On Tuesday, April 6, 2021, Intel launched what it is calling its “most advanced performance data center platform.” That language is interesting because of course at the heart of the launch were announcements around Intel’s latest 3rd Gen Intel Xeon Scalable processors – so, why talk about a data center platform instead? Well, while the new processors are impressive, the launch did a great job of focusing on why these improvements matter today and how the new silicon fits into the broader Intel portfolio.

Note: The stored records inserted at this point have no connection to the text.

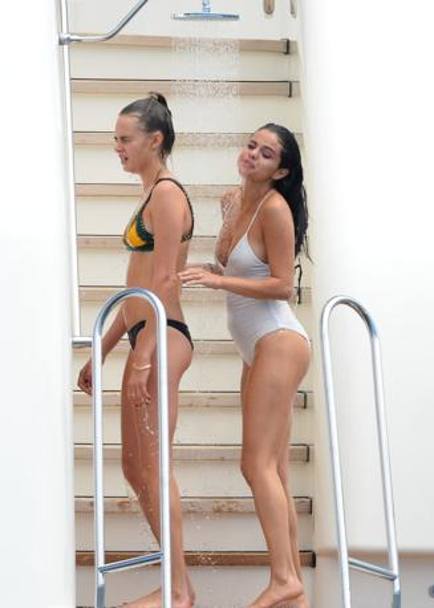 E poi, Selena e Cara si concedono una doccia gelata. (foto Olycom)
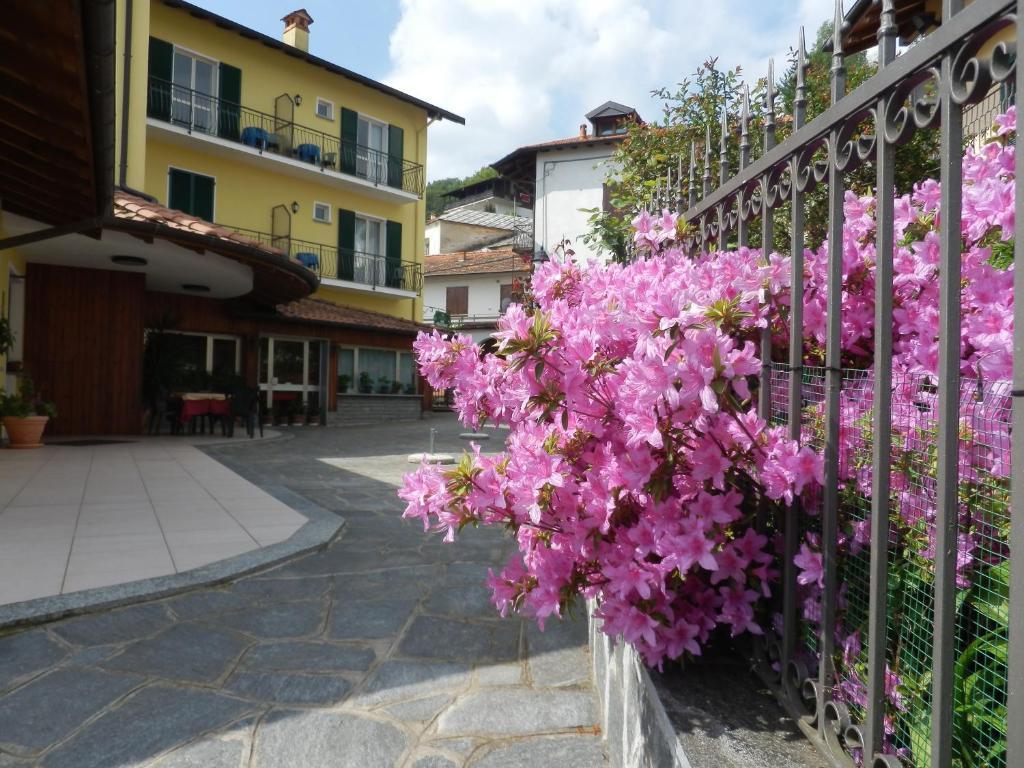 Hotel San Giacomo Lake Maggiore Exterior photo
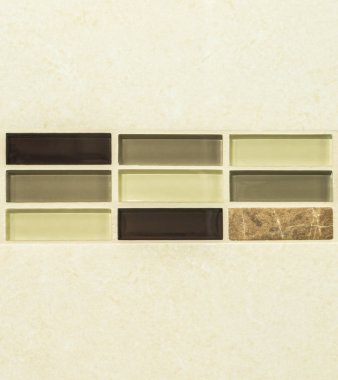 Döşeme ortada tarafından renkli mozaik doku arka yüzeyi için tasarım ve dekorasyon olarak bölünmüş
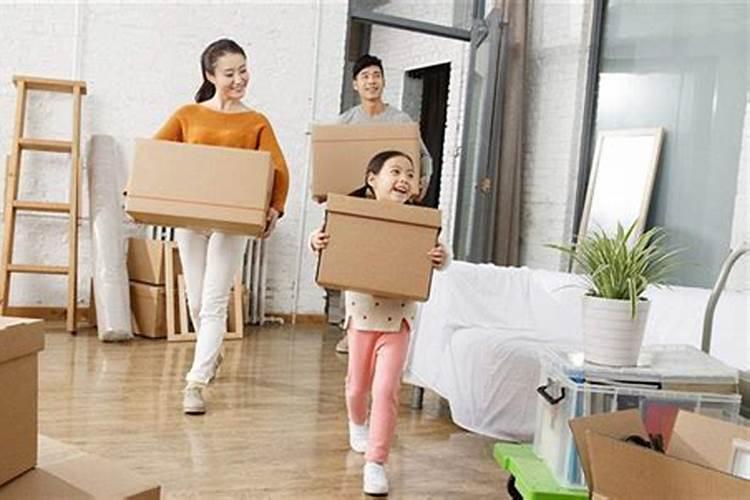 梦见舅舅家住新房子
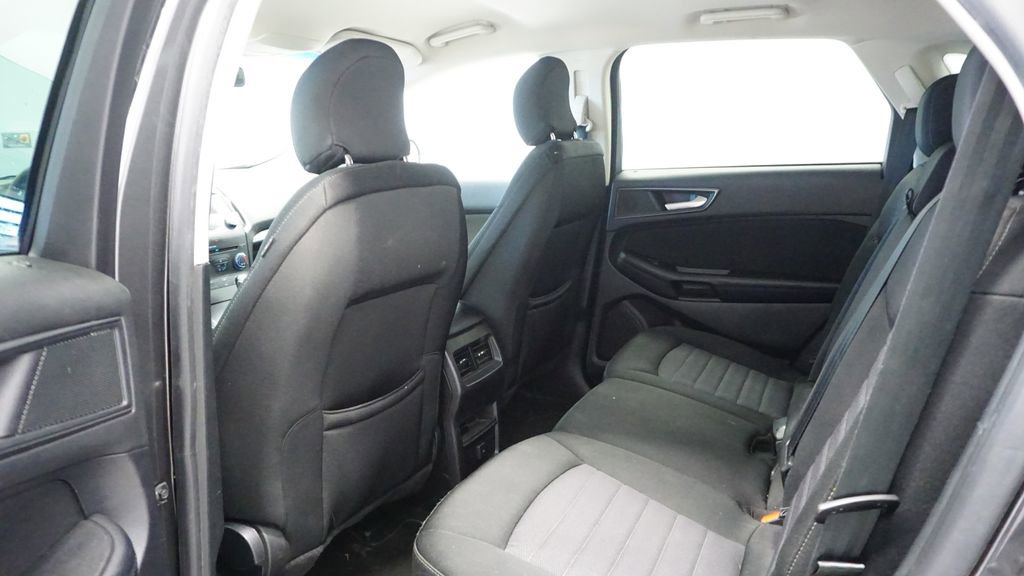 Used 2018 Ford Edge SE image 20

Navin Shenoy, executive vice president and general manager of the Data Platforms Group at Intel Corporation kicked things off by listing the top four trends he and Intel are seeing (and responding to) today:
- Proliferation of hybrid cloud
- AI & ML infused in all applications
- Rapid adoption of 5G
- Computing at the edge
I recently wrote about the convergence of trends 2 and 4 (AI and edge) when talking about OpenVINO earlier this year. Today, we’ll continue that conversation, diving a bit deeper down the rabbit hole to look briefly at AVX-512, and more specifically, DL Boost and how that fits into Intel’s “Ice Lake” data center platform.
One of the delegates at last week’s Tech Field Day event supporting Intel’s launch defined edge computing as “Anytime you are running mission-critical applications outside of the four walls of the datacenter.” That begs the question, why are we talking about edge in the context of launching a new data center server processor?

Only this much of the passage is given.